[boost] Re: [network] An RFC - updated

23 Apr 2005

      Hi Peter,
...
The network root issue is at, hm, the root of our
disagreement.
Indeed :)
...
...
In many of my uses, I have multiple network-derived
types in use at the same time (serial, HTTP tunnel,
TCP/IP).
The question is why do you need multiple network
objects at the client side.
My sad story: Over the past couple years I've had the joy of writing
some ActiveX controls that run in IE (please don't shoot; they were
the good kind<g>). In doing so, I have been best served by not having
any active stuff running behind the scenes, especially threads. The
desire to keep a library of pure objects has flavored my choices
here.

When an ActiveX object dtor is called, I want _all_ activity related
to that instance to stop. Other instances may be held by other
threads and I don't want all interfaces to be thread-safe. Anyway,
that is a big part of why I avoid designs that have significant
apparatus globally managed.
...
Under the address-centric model, the form of the
address determines the network to use. The library
is free to maintain several network objects under
the hood, ...
There is the question of what network types does an application need.
It is not likely they need all of them. So, the app must pre-register
the types it wants and only those address forms will work.

I hope I said this, but perhaps I didn't<g>: I think an
address-to-network mapping is reasonable. I just don't want that to
be the only way to fly. Given that, I suppose one could use
"tcp:http://www.boost.org" in the spirit of URL: everything to the
right of ":" is the scheme-specific-part. :)
...
In general, data-driven designs are much more flexible.
I can read
server.address=tcp4:/www.example.com:5757
from a configuration file and connect.
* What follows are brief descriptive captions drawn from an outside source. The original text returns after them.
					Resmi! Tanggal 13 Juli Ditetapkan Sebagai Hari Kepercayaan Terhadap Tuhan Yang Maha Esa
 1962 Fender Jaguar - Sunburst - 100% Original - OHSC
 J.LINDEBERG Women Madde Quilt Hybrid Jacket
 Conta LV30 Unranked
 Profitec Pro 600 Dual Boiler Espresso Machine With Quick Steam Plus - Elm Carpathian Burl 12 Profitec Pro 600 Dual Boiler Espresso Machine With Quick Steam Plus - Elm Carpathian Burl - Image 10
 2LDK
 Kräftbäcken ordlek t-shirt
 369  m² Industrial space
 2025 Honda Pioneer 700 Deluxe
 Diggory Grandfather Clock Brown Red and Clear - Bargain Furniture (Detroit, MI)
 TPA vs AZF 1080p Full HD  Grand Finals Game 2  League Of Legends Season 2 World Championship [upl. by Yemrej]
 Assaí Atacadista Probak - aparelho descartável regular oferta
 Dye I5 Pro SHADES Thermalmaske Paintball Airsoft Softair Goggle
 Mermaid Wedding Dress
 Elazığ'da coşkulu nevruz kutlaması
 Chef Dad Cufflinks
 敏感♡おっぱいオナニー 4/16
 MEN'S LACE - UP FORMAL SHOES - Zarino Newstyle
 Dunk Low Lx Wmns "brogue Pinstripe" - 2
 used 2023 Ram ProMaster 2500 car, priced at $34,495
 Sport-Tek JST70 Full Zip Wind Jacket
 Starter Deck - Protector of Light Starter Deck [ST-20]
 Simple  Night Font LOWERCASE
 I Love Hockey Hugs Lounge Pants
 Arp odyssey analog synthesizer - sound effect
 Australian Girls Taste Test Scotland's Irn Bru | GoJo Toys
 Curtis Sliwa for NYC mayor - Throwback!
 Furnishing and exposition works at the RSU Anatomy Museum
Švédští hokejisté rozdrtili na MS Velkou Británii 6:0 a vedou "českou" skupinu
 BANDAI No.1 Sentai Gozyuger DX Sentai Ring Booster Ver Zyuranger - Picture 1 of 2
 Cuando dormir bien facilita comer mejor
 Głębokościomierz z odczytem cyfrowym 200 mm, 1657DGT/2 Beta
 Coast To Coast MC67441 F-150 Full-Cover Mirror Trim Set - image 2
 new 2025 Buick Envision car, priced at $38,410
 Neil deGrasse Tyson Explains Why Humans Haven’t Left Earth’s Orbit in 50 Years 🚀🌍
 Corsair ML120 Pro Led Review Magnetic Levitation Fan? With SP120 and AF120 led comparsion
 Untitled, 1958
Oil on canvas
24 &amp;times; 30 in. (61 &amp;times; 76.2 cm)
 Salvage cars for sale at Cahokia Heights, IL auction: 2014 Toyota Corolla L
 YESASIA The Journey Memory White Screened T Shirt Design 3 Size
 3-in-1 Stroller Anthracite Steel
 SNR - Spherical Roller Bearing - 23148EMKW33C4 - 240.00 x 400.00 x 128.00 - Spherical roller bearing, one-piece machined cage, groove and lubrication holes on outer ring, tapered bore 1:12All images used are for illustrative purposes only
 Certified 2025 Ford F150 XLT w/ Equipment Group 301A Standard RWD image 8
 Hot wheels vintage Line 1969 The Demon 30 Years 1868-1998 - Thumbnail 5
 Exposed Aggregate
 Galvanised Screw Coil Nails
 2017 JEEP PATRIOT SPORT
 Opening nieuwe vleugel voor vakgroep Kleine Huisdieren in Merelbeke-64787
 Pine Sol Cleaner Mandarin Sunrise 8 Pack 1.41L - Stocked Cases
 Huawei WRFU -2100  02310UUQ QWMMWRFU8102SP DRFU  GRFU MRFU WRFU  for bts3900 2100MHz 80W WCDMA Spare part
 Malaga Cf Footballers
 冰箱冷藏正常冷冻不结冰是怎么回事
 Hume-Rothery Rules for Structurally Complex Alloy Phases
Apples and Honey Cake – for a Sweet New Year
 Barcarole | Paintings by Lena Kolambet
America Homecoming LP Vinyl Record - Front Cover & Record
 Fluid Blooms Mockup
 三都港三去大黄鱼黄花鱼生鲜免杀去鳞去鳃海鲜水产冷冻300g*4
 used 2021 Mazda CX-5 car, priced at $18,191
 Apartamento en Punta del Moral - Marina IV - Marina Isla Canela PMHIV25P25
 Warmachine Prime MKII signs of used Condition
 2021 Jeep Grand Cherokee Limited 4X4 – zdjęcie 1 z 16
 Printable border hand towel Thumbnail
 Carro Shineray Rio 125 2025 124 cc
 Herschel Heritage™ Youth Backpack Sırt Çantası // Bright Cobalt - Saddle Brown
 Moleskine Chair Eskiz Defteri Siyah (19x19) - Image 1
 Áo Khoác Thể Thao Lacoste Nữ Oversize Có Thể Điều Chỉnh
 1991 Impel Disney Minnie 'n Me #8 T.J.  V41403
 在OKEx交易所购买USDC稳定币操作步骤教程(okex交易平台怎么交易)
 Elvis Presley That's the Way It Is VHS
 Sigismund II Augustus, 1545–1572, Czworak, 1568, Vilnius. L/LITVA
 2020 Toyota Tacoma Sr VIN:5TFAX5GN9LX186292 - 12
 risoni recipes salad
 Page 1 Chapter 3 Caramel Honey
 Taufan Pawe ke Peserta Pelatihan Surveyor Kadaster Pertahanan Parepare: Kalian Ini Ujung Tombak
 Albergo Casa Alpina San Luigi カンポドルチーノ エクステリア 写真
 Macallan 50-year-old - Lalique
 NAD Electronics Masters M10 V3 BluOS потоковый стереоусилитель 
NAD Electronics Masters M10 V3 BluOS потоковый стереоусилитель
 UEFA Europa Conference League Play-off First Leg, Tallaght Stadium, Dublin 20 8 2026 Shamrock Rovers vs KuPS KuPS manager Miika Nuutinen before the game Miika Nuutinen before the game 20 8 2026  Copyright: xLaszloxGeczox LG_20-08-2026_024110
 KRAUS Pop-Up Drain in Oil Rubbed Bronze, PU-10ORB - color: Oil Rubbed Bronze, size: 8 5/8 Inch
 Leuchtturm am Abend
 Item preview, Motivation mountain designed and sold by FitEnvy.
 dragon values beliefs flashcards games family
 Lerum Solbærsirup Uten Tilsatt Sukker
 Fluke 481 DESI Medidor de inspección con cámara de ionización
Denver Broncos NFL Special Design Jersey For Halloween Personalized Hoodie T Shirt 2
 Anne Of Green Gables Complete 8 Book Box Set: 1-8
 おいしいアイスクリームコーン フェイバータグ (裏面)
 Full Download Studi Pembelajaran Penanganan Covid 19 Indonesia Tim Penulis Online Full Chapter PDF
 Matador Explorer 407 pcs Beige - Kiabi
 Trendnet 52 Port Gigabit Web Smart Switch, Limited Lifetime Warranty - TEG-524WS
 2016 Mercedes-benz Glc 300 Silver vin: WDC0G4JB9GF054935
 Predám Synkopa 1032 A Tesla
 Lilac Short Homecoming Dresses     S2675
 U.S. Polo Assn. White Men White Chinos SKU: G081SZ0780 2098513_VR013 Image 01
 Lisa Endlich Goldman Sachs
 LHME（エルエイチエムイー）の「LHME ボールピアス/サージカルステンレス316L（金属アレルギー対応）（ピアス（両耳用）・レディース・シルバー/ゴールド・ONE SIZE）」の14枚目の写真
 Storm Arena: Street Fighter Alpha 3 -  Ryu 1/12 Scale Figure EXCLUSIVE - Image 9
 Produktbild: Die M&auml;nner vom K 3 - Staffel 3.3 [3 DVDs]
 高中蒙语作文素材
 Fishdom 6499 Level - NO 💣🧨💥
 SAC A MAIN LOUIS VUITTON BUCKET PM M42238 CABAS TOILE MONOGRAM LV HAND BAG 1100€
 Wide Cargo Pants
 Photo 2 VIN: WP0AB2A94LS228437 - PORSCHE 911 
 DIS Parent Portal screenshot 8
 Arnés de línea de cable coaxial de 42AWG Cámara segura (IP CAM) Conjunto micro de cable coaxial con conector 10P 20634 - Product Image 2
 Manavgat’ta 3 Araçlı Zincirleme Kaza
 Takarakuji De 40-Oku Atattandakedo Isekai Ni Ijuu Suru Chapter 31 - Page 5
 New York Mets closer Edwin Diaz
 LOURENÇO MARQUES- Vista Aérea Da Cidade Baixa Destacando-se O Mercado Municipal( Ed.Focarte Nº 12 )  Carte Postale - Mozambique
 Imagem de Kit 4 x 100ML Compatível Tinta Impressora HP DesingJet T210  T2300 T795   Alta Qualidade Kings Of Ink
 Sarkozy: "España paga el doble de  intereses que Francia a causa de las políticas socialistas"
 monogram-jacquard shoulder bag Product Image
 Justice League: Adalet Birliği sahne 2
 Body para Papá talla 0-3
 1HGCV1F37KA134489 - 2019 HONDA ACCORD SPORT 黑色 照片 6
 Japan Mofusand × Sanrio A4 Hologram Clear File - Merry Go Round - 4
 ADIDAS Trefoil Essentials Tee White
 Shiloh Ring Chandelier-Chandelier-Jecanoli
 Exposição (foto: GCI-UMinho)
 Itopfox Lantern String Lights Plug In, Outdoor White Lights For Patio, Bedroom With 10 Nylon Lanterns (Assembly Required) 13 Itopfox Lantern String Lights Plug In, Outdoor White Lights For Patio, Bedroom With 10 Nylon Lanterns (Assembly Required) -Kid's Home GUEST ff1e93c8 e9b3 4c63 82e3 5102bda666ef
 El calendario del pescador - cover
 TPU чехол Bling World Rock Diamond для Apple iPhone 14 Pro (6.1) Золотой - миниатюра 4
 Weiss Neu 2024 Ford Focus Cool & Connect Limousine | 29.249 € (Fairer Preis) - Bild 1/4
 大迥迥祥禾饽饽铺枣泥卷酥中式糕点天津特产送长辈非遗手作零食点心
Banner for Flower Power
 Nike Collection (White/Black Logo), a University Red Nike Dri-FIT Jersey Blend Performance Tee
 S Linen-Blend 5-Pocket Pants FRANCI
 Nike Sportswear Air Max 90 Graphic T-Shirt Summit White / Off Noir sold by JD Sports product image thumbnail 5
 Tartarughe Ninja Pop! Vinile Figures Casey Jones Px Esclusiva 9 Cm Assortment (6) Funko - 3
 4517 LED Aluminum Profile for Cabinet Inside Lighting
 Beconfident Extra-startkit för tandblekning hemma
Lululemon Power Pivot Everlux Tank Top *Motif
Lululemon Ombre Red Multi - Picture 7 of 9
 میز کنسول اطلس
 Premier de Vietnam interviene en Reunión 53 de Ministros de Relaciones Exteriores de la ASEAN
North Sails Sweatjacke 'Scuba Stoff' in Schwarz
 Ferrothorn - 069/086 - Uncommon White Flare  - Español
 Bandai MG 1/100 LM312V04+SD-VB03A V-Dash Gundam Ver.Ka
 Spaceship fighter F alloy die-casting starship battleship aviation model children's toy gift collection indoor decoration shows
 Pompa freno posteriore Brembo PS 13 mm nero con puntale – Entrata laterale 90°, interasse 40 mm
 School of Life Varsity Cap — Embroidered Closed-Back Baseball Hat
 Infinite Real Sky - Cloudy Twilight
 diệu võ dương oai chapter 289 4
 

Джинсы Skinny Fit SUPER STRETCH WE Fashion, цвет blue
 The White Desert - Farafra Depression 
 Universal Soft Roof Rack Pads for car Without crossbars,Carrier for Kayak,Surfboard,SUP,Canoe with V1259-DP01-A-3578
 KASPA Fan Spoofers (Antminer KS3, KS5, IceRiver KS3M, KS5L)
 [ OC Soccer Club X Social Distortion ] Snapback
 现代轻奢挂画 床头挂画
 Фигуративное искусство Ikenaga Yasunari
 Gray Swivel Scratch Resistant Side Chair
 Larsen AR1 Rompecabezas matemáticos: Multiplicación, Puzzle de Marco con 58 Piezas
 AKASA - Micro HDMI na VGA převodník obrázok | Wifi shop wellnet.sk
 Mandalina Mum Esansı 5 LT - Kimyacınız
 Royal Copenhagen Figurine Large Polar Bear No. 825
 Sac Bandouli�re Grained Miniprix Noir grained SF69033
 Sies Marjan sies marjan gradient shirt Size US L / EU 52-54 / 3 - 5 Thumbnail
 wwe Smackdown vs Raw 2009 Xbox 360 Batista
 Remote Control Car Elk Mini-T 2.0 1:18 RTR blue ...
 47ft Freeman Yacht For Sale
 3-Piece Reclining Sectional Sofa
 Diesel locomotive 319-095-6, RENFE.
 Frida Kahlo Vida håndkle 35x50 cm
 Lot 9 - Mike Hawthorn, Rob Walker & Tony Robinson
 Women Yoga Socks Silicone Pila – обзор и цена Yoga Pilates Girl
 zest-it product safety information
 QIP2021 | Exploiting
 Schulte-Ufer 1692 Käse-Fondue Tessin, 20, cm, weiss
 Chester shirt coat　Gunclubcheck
The line might
have been
server.address=com1:/57600,n,8,1
but my application doesn't care, as long as someone
at the other end responds according to the appropriate
server protocol.
Repeat from above: I do see merit in the general approach.
...
Under the explicit network model, I'll need to duplicate
the scheme-to-network logic myself. Not that a
map<string, network_ptr> is that much work; there's just
no benefit.
For the record, I've never needed such a map. There are so few places
that accept or connect, and then, so few different network objects,
that it just hasn't happened. For example:

   void tcp_tab_page::on_click_go ()
   {
      net::address_ptr addr = tcp_->new_address(url);
      session_mgr->start(addr);
   }

The method existed in a "TCP" page of a tabbed dialog, which of
course knows that connections proceed over TCP. It created an address
object and called into network-agnostic code to proceed.
...
The "self contained address as a string" model also has
another advantage: it allows you to take a legacy design
such as std::fopen and enhance it with network capability
in a backward-compatible way.
While I still agree with the jist of your argument, I am not so sure
everyone would appreciate their apps growing by sizeof(http_lib) +
sizeof(ftp_lib) + sizeof(uucp_lib) + sizeof(gopher_lib) + ... to
support this approach. :)
...
I'm not sure I understand. A communication port is a
port, not a network. I've recently dealt with one and
it's very much like a socket. :-)
You are quite right. I was not giving you my context here. In my use
of serial communications, we did provide an entire network over that
line including muxing streams, emulating datagrams, etc.. Underneath
all that was the true nature of the serial line.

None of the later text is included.